26 Compare different ways of plotting Biplot, Mosaicplot, and Heatmap

Haoyue Wang

During the study of 5293, I found that we usually have different packages or functions to plot the same kind of plot. For example, while we want to plot a heatmap, we can use different functions like the heatmap() function in base R, geom_bin2d() in ggplot2, etc. But what is the difference between those packages? What kind of package or function we should use in a different situation? I decided to compare them and make a tutorial to help us better use different packages and functions in different plots. In this tutorial, I choose biplot, Mosaic plot, and Heatmap to do the comparison.

26.1 library()

library(ggplot2)
library(FactoMineR)
library(factoextra)
##remotes::install_github("jtr13/redav")
library(redav) # must be installed from source
library(devtools)
##remotes::install_github("vqv/ggbiplot")
library(ggbiplot)# must be installed from source
library(plyr)
library(scales)
library(grid)
library(vcd)
library(tidyverse)
library(openintro)

Now Let’s get started!

26.2 Biplot

Bigraph is an exploratory graph used in statistics. It is a generalization of a simple bivariate scatter graph.

We use Athletes’ performance during two sporting meetings to compare the difference between three ways of ploting biplot.

26.2.1 Data Processing

data(decathlon2)
data <- decathlon2[1:10, 1:10]
pca <- prcomp(data,scale.=TRUE)

26.2.2 Base R biplot function

First of all, we plot a default biplot.

biplot(pca,main="default biplot made by biplot function")

Adjusting the size of label(argument:cex), deciding whether show the arrows(argument:var.axes) and changing the color of x and y label(argument:col)

biplot(pca,cex=0.5,col=c("red","green"),var.axes=FALSE,main="base biplot figure 1")

Adjusting the name of rowdim name of x(argument:xlabs) and the name of column name of y (argument:ylabs)

biplot(pca,cex=0.5,xlabs=c("x1","x2","x3","x4","x5","x6","x7","x8","x9","x10"),ylabs=c("y1","y2","y3","y4","y5","y6","y7","y8","y9","y10"),main="base biplot figure 2")

Tweaking the scaling of the two sets to a physically comparable scale(argument: expand) and adjusting the length of arrow heads (argument: arrow.len)

biplot(pca,cex=0.5,expand=0.5,arrow.len=0.01,main="base biplot figure 3")
As we can see the biplot function in Base R only provide the most basic biplot with the first two PCs, and all the other arguments are adjusting the color of labels, Text size and etc.

26.2.3 Draw_biplot

Now we use draw_biplot function in redav package and compare these two ways of drawing biplot.

First of all, we plot a default biplot by draw_biplot

In draw_biplot we can get a similar plot in the biplot function.
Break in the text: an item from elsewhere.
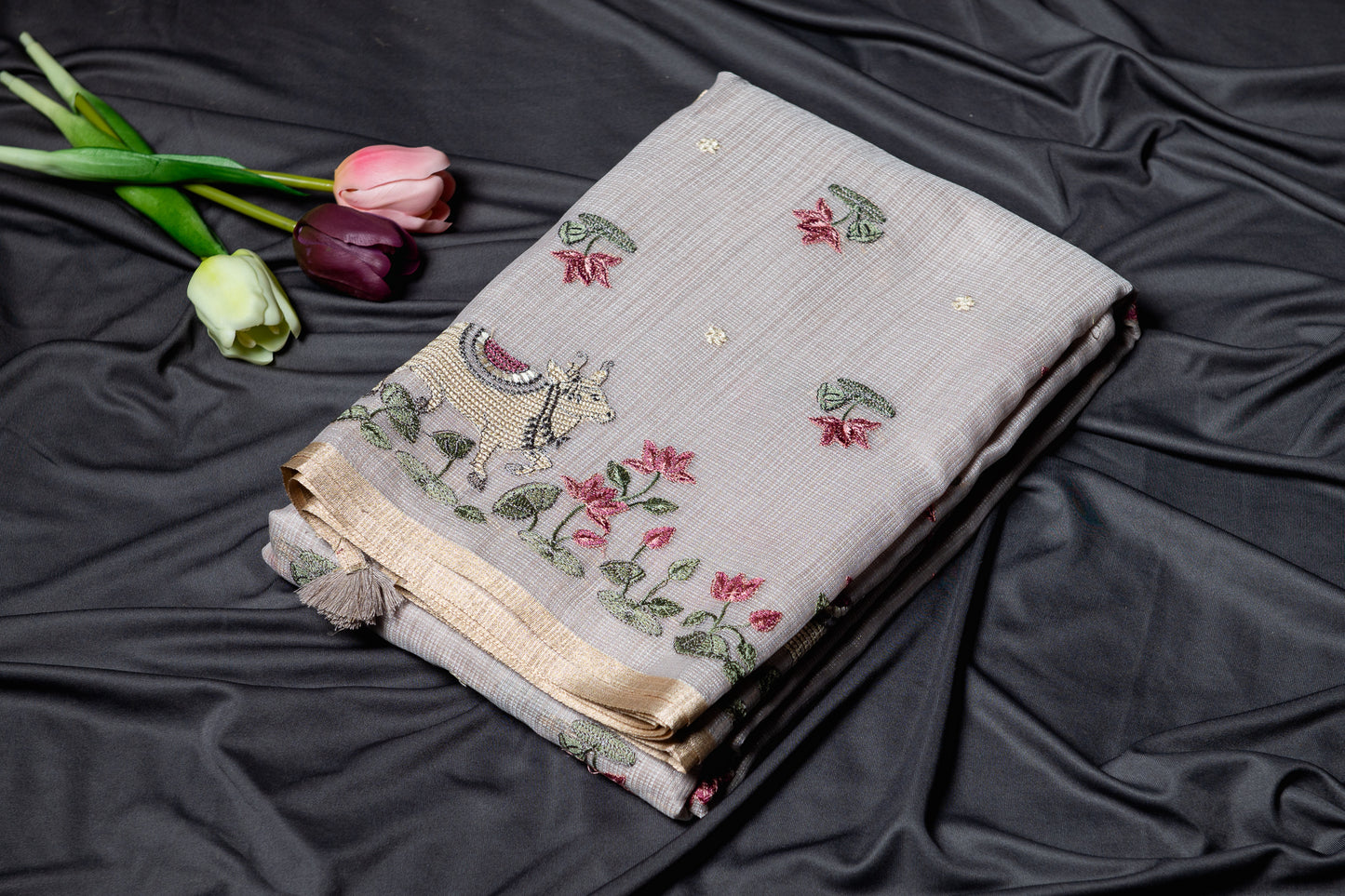 Pure Kota pichwai embroidery saree-Grey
Here we adjust the argument vector_colors and point_color

draw_biplot(data,vector_colors="green",point_color = "red")
biplot(pca,cex=0.5,col=c("red","green"))

They are the same plot. But biplot gives us the name of each point and draw_biplot directly gives us the percentage of each PC.

The main difference between biplot function and draw_biplot() is that draw_biplot gives us an easy way to calibrate one of the axes. To do that, we need to adjust the argument key_axis. Here we also change ticklab argument to adjust axis breaks and tick labels for calibrated axis

draw_biplot(data,key_axis="X100m",ticklab=10:12)

Then we could adjust the project argument to decide whether or not we’ll have projection lines and fix_sign argument to decide whether or not the first element of each loading is non-negative.

draw_biplot(data,key_axis="X100m",project=FALSE,fix_sign=TRUE)

26.2.4 Ggbiplot

First of all, we plot a default biplot in ggbiplot

Here, we can know that the default biplot of biplot(), ggbiplot() and draw_biplot() is very similar. The difference are biplot() axis do not count the percentage of PCs. ggbiplot() do not give us the name of each point.

Here the thing that ggbiplot do is you can easily get not only the first two components but also any components you are interested in(argument choice), to adjust the details of the variable we can adjust to argument varname.abbrev(whether or not to abbreviate the variable names), varname.adjust(the distance between varname and arrow), var.scale(scale factor for variables),var.axes(if FALSE all the arrows are gonna disappear)

ggbiplot(pca,choice=c(2,3),varname.abbrev=TRUE,varname.adjust=2, var.scale = 1,varname.size=5)

Here, circle is an argument that help us draw correlation circle

ggbiplot(pca, circle = TRUE) 

One important thing ggbiplot can do is when our observations have groups, groups argument will help the points be colored according to groups. and ellipse argument can draw normal data ellipse for each group. Using it with scale_color_discrete and theme function we can also gain the cluster for our observations.

data(wine)
wine.pca <- prcomp(wine, scale. = TRUE)
ggbiplot(wine.pca, obs.scale = 1, var.scale = 1,
  groups = wine.class, ellipse = TRUE, circle = TRUE) +
  scale_color_discrete(name = '') +
  theme(legend.direction = 'horizontal', legend.position = 'top')

26.3 Mosaic plot

26.3.1 Base R mosaicplot function

Firstly, let us plot the default mosaic plot with Titanic data

mosaicplot(Titanic)

To change the order of variables, we could adjust sort argument and dir argument or just use a formula. Here we get the same plot by either changing the formula or changing sort and dir argument at the same time.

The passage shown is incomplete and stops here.